In collaboration with our African colleagues, we are analyzing genomic data from this unique set of samples. From these studies, we will gain valuable knowledge of the genetic structure of African populations and the identification of markers that will be useful in gene mapping studies; we will learn about the correlation of environmental, cultural, linguistic, and genetic variation; we will be able to obtain estimates of demographic parameters and to test hypotheses of modern human origins and more recent population migration and differentiation events; we will identify functional regulatory elements that influence gene expression; we will identify genomic variants and pathways that play a role in human adaptation, phenotypic variation, and disease risk in African and African diaspora populations. Because non-African populations generally contain a subset of variation present in Africa, and because of low-levels of linkage disequilibrium in African populations, these studies will also be informative for fine-mapping of genetic variants associated with normal variable traits and disease risk in non-Africans.

The genetic basis of resistance to infectious disease
It is likely that infectious disease has played a major role in human evolution and in shaping genetic variation in the human genome. Thus, one focus of my laboratory is the study of human genetic variation and the evolutionary history of genes involved in resistance against infectious disease. We are characterizing patterns of genetic variation in candidate genes for resistance/susceptibility to malaria, TB, HIV, and trypanosomes in a set of globally diverse populations, but with an emphasis on African populations. Our goal is to identify functionally significant genetic variation that plays a role in susceptibility to infection. In addition, we are collaborating with laboratories that are studying genetic variation in the pathogens causing these disorders in order to examine co-evolution of infectious agents and their human hosts. Recent examples of this work include studies of G6PD, ICAM1, and glycophorin genes that play a role in malaria resistance and the APOL1 gene that plays a role in resistance to trypanosome infection, but is also associated with risk for kidney disease in African populations.

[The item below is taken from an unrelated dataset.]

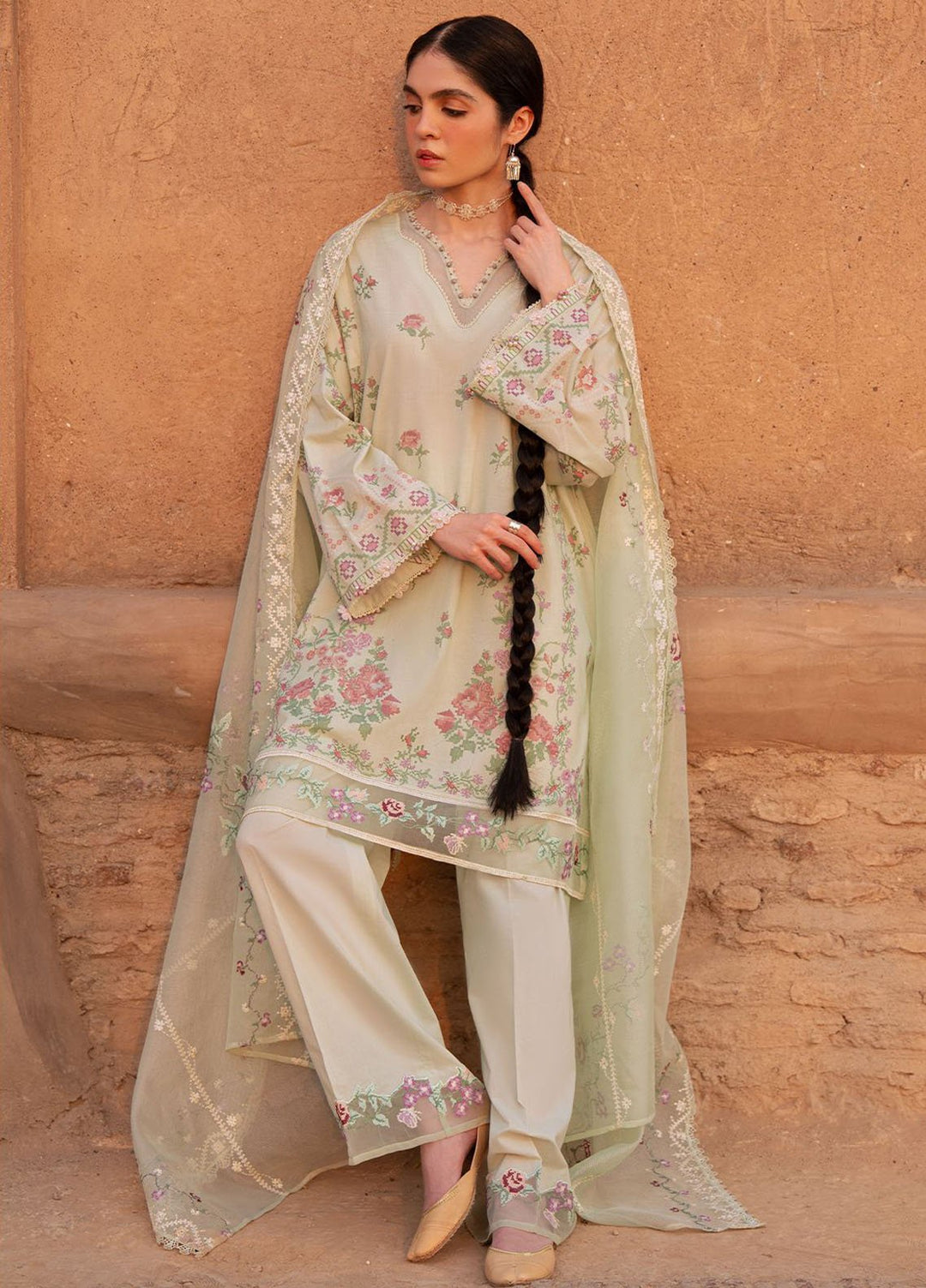 Cross Stitch Print N Embroidery Lawn Suits Unstitched 3 Piece CS25EL Citrine Aura - Summer Collection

The genetic basis of adaptation in humans
We currently know little about how changes at the genetic level correlate with phenotypic changes and adaptation to novel environments during recent human evolutionary history. Additionally, it has been hypothesized that genetic mutations associated with common complex diseases (e.g. hypertension, diabetes, obesity, asthma, arthritis, allergies, etc.) may be at high frequency in modern populations because they were adaptive in ancient environments. Thus, characterization of signatures of natural selection in genes that are of adaptive significance may be of use for identifying functionally significant variants, some of which may play a role in human disease. We are particularly interested in identifying local adaptation in culturally and geographically diverse Africans, because of the possibility that selective forces, and genetic variants, may be geographically restricted. We are also interested in developing and applying methods for distinguishing balancing selection, soft selective sweeps (i.e. selection from standing variation), and selection of loci involved in complex traits. Recent examples of our studies of local adaptation in Africa includes the identification and characterization of natural selection at loci that play a role in lactose tolerance in African pastoralists, the genetic basis of adaptation to high altitude in Ethiopia, and the genetic basis of the short stature trait in Western African Pygmies.